Exercise directions: All of the data below should be set down again verbatim, without any images.

─── Information shown ───

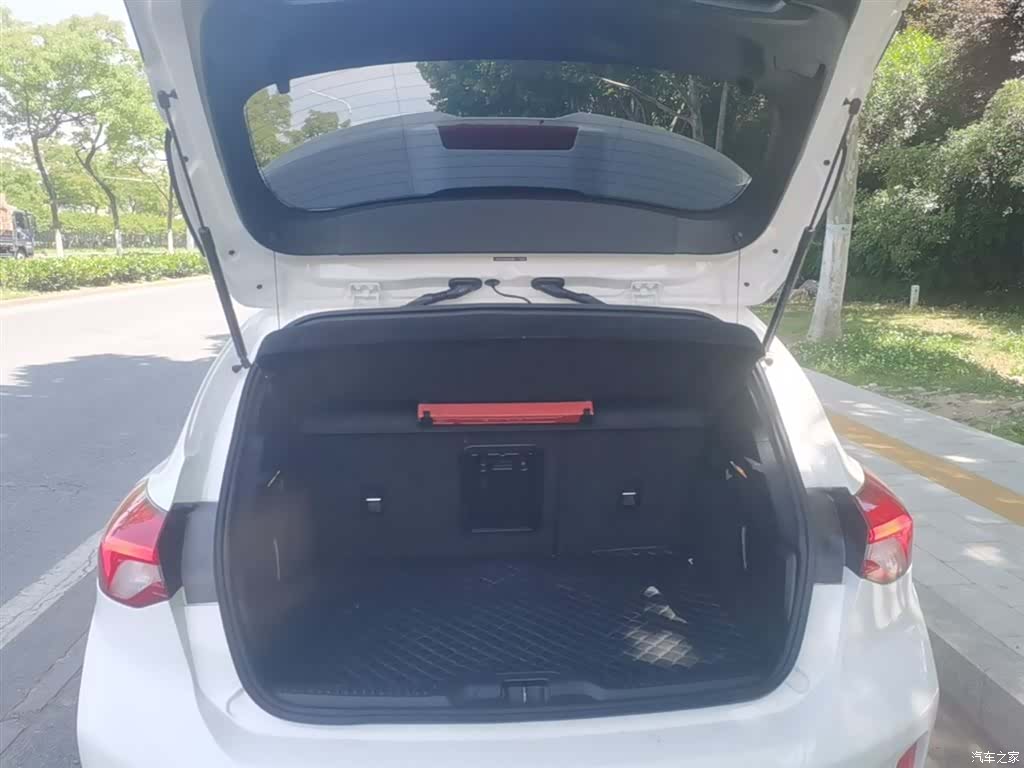 Ford Focus, 2021 19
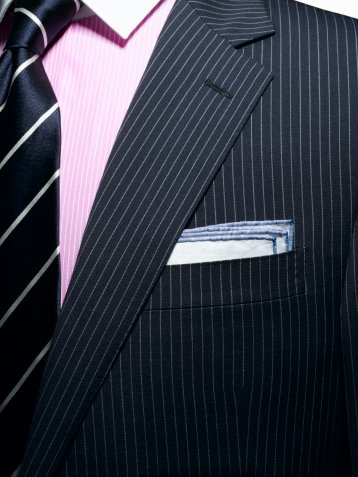 Несмотря на то, что цветная шелковая полоска под названием галстук — практически единственный для мужчины способ украсить свой сдержанный деловой костюм, проявив при этом индивидуальность, многие пренебрегают этим аксессуаром и стараются всячески избежать его наличия в своем гардеробе. Некоторые утверждают, что носить галстук неудобно. У других он ассоциируется со студенческими временами или скучной офисной работой. В любом случае галстук придает официальность и строгость, которую многие мужчины не считают признаком хорошего стиля. 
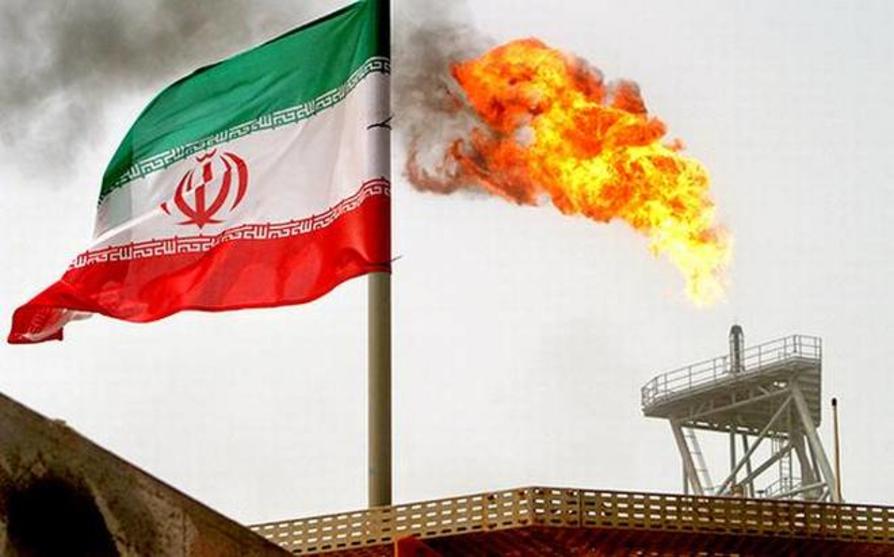 إيران تعلن تحقيق عائدات نفطية بـ 18 مليار دولار خلال الحرب والهدنة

───

Your response:
 Ford Focus, 2021 19
 Несмотря на то, что цветная шелковая полоска под названием галстук — практически единственный для мужчины способ украсить свой сдержанный деловой костюм, проявив при этом индивидуальность, многие пренебрегают этим аксессуаром и стараются всячески избежать его наличия в своем гардеробе. Некоторые утверждают, что носить галстук неудобно. У других он ассоциируется со студенческими временами или скучной офисной работой. В любом случае галстук придает официальность и строгость, которую многие мужчины не считают признаком хорошего стиля. 
 إيران تعلن تحقيق عائدات نفطية بـ 18 مليار دولار خلال الحرب والهدنة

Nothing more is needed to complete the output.